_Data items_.
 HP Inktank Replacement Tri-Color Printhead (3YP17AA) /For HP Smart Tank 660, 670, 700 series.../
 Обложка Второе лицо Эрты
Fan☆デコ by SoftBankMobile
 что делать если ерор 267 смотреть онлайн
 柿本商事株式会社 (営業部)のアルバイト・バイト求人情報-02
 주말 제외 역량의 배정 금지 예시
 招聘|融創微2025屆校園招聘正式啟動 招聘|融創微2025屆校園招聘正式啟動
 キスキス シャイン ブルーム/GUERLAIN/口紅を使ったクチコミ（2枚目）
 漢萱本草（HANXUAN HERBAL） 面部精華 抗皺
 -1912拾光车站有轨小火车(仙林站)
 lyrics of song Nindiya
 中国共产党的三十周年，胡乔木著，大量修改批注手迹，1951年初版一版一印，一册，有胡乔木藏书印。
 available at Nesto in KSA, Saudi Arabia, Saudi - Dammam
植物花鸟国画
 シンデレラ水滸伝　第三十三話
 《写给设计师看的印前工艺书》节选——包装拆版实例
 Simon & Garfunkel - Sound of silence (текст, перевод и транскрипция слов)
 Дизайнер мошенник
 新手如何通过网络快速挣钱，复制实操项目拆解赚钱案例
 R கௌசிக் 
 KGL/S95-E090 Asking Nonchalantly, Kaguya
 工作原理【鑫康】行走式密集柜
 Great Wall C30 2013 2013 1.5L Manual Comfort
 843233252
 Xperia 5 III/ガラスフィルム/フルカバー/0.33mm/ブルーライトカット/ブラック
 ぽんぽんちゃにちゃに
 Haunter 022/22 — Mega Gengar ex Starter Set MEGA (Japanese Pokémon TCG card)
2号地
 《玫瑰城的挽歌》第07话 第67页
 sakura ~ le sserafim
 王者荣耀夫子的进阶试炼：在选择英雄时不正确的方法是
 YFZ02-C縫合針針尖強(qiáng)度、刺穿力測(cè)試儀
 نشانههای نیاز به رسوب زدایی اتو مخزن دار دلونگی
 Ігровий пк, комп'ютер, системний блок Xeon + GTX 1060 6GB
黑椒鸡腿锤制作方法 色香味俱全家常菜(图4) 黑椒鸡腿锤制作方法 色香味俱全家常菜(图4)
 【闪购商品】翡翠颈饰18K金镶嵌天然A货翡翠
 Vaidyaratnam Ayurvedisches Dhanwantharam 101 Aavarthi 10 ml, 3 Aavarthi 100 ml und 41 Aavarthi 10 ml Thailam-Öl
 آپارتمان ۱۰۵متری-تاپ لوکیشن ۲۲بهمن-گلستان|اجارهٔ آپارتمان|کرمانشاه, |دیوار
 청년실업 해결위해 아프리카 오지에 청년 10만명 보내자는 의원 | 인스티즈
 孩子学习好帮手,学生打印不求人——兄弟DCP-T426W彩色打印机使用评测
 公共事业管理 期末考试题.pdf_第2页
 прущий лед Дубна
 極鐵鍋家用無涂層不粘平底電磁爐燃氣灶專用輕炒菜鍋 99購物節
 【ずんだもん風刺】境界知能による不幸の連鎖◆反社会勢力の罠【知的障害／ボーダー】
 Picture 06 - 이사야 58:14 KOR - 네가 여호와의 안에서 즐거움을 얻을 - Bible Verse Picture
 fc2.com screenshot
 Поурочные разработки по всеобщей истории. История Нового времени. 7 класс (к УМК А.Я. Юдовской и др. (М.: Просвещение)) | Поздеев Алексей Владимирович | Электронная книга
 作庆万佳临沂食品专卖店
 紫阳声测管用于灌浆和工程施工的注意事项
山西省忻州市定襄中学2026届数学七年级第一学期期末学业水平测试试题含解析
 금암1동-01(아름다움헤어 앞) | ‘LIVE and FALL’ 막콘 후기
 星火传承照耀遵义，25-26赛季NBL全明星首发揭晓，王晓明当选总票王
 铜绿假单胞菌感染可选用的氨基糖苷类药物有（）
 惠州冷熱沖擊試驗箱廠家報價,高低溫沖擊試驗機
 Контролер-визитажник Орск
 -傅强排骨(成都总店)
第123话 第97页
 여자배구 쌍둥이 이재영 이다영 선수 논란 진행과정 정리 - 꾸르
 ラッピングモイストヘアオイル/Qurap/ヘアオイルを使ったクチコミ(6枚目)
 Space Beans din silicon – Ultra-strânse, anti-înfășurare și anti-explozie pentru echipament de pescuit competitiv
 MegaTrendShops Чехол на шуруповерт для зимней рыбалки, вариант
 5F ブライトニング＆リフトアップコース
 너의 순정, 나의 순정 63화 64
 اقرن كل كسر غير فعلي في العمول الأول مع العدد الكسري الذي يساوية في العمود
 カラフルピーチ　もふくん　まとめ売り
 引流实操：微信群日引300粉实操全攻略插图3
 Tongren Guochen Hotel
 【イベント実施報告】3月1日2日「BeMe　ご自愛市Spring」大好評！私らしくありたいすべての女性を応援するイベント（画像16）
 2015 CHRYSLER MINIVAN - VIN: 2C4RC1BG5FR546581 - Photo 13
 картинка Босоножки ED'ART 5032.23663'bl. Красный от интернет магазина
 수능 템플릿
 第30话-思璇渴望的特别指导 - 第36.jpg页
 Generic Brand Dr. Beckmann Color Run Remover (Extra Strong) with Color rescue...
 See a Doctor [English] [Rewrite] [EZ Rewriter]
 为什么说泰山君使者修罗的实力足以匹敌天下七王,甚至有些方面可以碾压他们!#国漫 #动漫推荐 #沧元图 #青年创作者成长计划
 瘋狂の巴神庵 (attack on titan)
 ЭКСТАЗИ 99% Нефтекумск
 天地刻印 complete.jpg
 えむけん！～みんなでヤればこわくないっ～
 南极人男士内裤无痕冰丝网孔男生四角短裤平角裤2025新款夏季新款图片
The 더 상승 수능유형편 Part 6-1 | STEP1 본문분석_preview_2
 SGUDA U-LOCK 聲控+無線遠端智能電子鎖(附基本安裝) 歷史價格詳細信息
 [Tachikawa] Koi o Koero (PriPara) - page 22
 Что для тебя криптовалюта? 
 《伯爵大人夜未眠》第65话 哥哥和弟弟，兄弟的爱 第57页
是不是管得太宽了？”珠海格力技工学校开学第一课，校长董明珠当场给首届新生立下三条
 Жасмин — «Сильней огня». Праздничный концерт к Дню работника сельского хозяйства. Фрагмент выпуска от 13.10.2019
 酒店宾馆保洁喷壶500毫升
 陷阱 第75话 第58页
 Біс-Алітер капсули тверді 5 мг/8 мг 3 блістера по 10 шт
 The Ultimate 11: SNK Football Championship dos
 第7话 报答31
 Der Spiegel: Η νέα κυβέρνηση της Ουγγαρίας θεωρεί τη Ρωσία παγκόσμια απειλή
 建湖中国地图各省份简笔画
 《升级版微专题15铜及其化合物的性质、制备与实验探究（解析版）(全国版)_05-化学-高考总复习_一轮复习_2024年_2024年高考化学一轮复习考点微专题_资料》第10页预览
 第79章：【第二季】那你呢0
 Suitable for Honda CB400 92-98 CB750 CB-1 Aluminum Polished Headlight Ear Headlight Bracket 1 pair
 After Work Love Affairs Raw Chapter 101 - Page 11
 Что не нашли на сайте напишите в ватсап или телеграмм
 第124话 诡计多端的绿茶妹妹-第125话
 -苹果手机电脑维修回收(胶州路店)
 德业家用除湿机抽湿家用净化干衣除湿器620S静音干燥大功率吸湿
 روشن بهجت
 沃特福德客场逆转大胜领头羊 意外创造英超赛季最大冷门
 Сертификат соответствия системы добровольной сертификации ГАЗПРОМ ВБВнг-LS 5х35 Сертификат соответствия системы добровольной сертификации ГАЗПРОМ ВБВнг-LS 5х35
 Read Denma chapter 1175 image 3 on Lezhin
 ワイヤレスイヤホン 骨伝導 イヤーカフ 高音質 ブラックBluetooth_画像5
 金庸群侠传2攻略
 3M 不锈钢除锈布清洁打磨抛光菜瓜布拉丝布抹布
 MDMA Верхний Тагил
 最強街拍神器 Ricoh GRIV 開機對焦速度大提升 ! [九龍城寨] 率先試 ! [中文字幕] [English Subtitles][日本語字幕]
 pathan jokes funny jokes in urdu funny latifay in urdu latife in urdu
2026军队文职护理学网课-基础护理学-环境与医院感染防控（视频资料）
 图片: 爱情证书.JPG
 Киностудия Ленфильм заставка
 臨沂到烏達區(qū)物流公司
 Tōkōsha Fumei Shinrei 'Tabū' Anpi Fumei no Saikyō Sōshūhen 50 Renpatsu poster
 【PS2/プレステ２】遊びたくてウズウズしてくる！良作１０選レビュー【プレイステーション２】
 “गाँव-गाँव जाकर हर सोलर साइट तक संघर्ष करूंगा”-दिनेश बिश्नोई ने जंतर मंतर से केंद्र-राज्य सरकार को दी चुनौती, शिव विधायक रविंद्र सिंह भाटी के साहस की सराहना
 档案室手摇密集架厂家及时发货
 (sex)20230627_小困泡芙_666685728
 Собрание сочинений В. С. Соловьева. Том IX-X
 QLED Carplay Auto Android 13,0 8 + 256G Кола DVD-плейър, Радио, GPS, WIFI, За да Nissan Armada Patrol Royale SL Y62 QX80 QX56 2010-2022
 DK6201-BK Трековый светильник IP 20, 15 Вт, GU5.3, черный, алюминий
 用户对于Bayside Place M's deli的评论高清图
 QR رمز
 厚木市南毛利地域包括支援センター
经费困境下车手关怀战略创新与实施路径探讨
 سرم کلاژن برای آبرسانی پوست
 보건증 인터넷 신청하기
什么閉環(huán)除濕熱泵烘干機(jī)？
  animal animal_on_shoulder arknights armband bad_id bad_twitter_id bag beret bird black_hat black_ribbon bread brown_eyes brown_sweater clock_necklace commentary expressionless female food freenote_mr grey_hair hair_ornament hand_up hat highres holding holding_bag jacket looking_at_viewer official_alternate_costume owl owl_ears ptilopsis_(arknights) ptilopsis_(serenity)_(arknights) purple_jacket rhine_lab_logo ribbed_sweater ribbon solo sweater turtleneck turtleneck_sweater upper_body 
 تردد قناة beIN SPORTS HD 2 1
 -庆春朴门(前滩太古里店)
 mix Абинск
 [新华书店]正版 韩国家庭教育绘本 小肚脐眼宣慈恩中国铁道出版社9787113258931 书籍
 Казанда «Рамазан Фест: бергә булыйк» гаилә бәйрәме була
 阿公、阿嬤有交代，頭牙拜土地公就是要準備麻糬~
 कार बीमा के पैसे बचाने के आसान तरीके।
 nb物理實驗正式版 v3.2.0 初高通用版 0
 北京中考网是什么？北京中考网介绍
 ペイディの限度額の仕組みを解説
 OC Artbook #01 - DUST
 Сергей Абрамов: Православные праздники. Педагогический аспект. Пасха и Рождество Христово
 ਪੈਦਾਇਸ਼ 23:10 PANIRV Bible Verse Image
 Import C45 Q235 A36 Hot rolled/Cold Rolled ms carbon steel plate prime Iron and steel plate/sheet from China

_EXERCISE INSTRUCTIONS_. Once you find the line with "酒店宾馆保洁喷壶500毫升" in the entries above, output it and each line after it up to and including the line with "第79章：【第二季】那你呢0", and nothing else.

_ANSWER TO THIS EXERCISE_.
 酒店宾馆保洁喷壶500毫升
 陷阱 第75话 第58页
 Біс-Алітер капсули тверді 5 мг/8 мг 3 блістера по 10 шт
 The Ultimate 11: SNK Football Championship dos
 第7话 报答31
 Der Spiegel: Η νέα κυβέρνηση της Ουγγαρίας θεωρεί τη Ρωσία παγκόσμια απειλή
 建湖中国地图各省份简笔画
 《升级版微专题15铜及其化合物的性质、制备与实验探究（解析版）(全国版)_05-化学-高考总复习_一轮复习_2024年_2024年高考化学一轮复习考点微专题_资料》第10页预览
 第79章：【第二季】那你呢0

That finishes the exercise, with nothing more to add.